Definitely go read the rest.  Clinton performed a surgical evisceration of Trump within the first ten or so minutes, but she did not finish as strongly and seemed to be trying to run out the clock.  She stumbled over the questions about the hacked Podesta emails that contained portions of her undisclosed speeches to corporate titans.

(Trump) put Clinton on defense over private speeches she gave to Wall Street firms, transcripts of which posted on Wikileaks late last week. He presented a steadier front and avoided chasing Clinton into terrain that might damage him, largely keeping the conversation on his own terms. 

More from Think Progress (Podesta's old shop).

Those e-mails included excerpts from her paid speeches to Goldman Sachs and other Wall Street entities, in which she dismisses Americans’ concerns about a “rigged” financial system, says bankers are best equipped to be their own regulators, expresses a desire for free trade in the hemisphere, and asserts that it is often necessary for political leaders to take one position in public and another one in private.

Debate moderator Martha Raddatz pressed Clinton on that final point, reading a question submitted online that asked, “Is it okay for politicians to be two-faced?

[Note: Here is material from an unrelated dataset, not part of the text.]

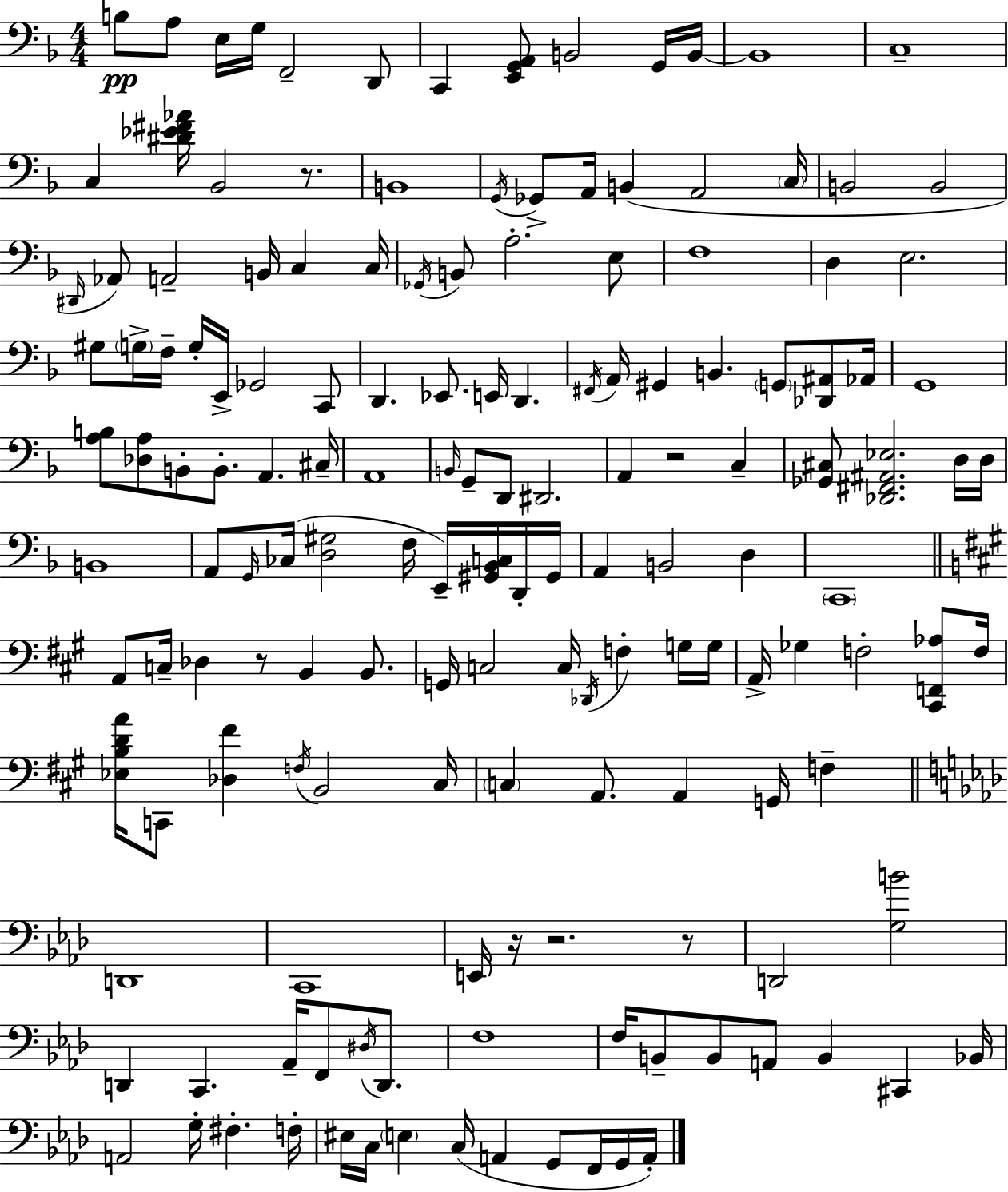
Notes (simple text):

B3/e A3/e E3/s G3/s F2/h D2/e C2/q [E2,G2,A2]/e B2/h G2/s B2/s B2/w C3/w C3/q [D#4,Eb4,F#4,Ab4]/s Bb2/h R/e. B2/w G2/s Gb2/e A2/s B2/q A2/h C3/s B2/h B2/h D#2/s Ab2/e A2/h B2/s C3/q C3/s Gb2/s B2/e A3/h. E3/e F3/w D3/q E3/h. G#3/e G3/s F3/s G3/s E2/s Gb2/h C2/e D2/q. Eb2/e. E2/s D2/q. F#2/s A2/s G#2/q B2/q. G2/e [Db2,A#2]/e Ab2/s G2/w [A3,B3]/e [Db3,A3]/e B2/e B2/e. A2/q. C#3/s A2/w B2/s G2/e D2/e D#2/h. A2/q R/h C3/q [Gb2,C#3]/e [Db2,F#2,A#2,Eb3]/h. D3/s D3/s B2/w A2/e G2/s CES3/s [D3,G#3]/h F3/s E2/s [G#2,Bb2,C3]/s D2/s G#2/s A2/q B2/h D3/q C2/w A2/e C3/s Db3/q R/e B2/q B2/e. G2/s C3/h C3/s Db2/s F3/q G3/s G3/s A2/s Gb3/q F3/h [C#2,F2,Ab3]/e F3/s [Eb3,B3,D4,A4]/s C2/e [Db3,F#4]/q F3/s B2/h C#3/s C3/q A2/e. A2/q G2/s F3/q D2/w C2/w E2/s R/s R/h. R/e D2/h [G3,B4]/h D2/q C2/q. Ab2/s F2/e D#3/s D2/e. F3/w F3/s B2/e B2/e A2/e B2/q C#2/q Bb2/s A2/h G3/s F#3/q. F3/s EIS3/s C3/s E3/q C3/s A2/q G2/e F2/s G2/s A2/s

Is it acceptable for you to have a private stance?”

Clinton responded that she made the comment about public and private positions when talking about the movie Lincoln, in which Abraham Lincoln uses back room deals to secure the constitutional amendment to end slavery. The document revealed by Wikileaks corroborates this account.

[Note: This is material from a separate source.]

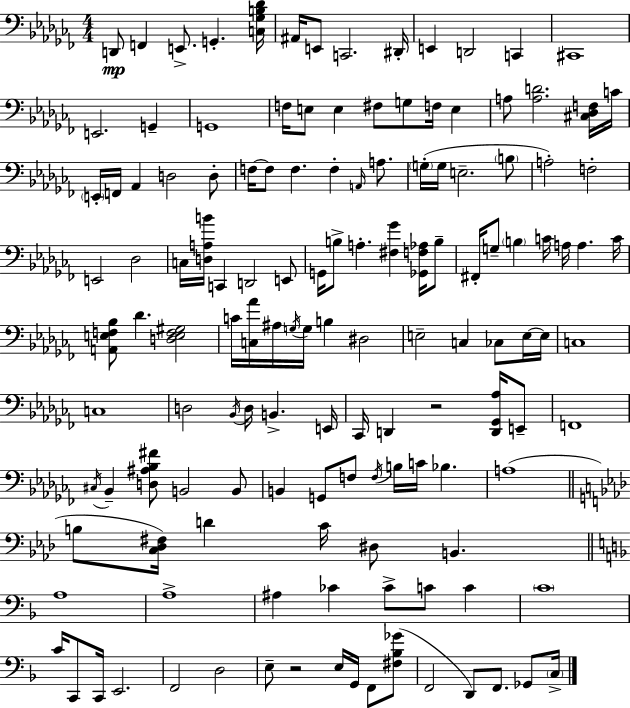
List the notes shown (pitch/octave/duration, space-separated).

The best Tweet of the night.

Sandernistas were livid about the leaked transcripts, but Bernie Sanders himself gave her a pass  (notice I had to use overseas media to find these stories).  Whaddaya gonna do with this lousy sellout, folks?  Fall in behind him?  Write his name in?

The sniffle count was 104.  Juanita Broaddrick made her way into the media spin room.  Her appearance at the presser before the debate, along with Paula Jones, Kathleen Willey, and others prompted the night's second-best Tweet.


In the end, Clinton 'won', but Trump didn't lose.  And none of it makes much difference.